What a great way to mingle sweet orange juice with seafood! Although I love the flavor of lemon, I honestly think it is overpowering no matter how little you use. Heck, I don't even like any lemon on my lobster, but orange juice? That's another story. Take this recipe for example. Well, just give it a try and email me what you think.


For 2 people


  • 2/3 cup honey
  • 1/4 cup frozen orange juice concentrate, thawed
  • 1/4 cup soy sauce
  • 1 teaspoon minced garlic in oil
  • 1 teaspoon lemon juice
  • 1 pound shrimp, peeled and deveined
  • 3 tablespoons butter or margarine
  • Salt and pepper to taste

Sticky Shrimp Directions

    Blend honey, orange juice concentrate, soy sauce and lemon juice in a bowl. Add the shrimp, cover and refrigerate one hour.
    Remove shrimp from marinade and drain well; set aside.

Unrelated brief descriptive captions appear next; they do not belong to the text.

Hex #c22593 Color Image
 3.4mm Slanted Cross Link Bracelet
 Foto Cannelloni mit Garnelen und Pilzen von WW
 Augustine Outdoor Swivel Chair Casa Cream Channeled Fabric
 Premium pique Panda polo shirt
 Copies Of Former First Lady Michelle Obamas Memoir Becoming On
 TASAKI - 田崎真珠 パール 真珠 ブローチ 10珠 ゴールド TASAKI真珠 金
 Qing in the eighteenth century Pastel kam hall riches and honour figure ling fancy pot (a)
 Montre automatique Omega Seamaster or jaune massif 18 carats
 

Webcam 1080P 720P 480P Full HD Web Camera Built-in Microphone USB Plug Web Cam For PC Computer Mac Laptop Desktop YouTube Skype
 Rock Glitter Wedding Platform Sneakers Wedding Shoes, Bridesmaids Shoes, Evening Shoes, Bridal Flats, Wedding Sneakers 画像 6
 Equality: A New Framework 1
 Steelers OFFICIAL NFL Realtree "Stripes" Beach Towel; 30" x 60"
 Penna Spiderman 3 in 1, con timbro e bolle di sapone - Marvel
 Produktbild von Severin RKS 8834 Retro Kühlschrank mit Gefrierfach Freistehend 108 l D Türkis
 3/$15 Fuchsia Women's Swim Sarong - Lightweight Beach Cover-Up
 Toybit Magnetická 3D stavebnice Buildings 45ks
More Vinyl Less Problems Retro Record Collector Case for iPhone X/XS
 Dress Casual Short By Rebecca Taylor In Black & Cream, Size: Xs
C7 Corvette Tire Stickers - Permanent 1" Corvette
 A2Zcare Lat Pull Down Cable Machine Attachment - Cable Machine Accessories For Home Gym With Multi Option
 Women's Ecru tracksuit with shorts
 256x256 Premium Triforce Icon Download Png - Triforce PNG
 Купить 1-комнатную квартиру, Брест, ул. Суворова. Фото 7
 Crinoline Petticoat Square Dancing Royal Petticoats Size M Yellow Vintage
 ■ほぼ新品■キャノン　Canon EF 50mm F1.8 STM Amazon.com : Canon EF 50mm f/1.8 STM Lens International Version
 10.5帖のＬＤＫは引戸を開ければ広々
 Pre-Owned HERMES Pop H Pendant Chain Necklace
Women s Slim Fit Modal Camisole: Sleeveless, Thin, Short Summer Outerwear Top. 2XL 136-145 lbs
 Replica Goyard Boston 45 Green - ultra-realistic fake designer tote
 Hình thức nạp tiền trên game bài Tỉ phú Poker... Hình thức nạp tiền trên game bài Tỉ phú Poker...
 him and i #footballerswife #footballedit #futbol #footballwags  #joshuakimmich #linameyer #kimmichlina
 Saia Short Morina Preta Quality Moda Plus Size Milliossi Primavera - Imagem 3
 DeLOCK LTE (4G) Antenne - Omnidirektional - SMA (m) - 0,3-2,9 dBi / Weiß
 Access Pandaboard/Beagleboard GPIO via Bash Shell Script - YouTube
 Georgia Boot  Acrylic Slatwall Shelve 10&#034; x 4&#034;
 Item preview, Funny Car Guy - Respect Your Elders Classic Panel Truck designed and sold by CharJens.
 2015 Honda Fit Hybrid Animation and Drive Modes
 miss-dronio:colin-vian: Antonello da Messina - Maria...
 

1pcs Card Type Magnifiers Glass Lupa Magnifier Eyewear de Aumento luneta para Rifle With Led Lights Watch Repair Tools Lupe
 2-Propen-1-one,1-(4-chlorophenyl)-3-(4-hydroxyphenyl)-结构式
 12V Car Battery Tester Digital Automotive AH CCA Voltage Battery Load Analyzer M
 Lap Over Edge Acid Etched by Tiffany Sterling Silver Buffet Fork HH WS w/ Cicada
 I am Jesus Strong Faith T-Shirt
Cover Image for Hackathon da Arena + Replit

Add the marinade to a small saucepan over medium high heat and boil for about 5 minutes, or until thickened and about half the volume.
    While the marinade is boiling, add butter and garlic to a large skillet over medium high heat. When melted and the pan is hot, add the shimp in a single layer. Cook about 2 mintues per side, or until pink throughout and completely cooked. Add the reduced marinade, season to taste with salt and pepper and cook 1 additional minute. Remove from heat to serve as is or over rice.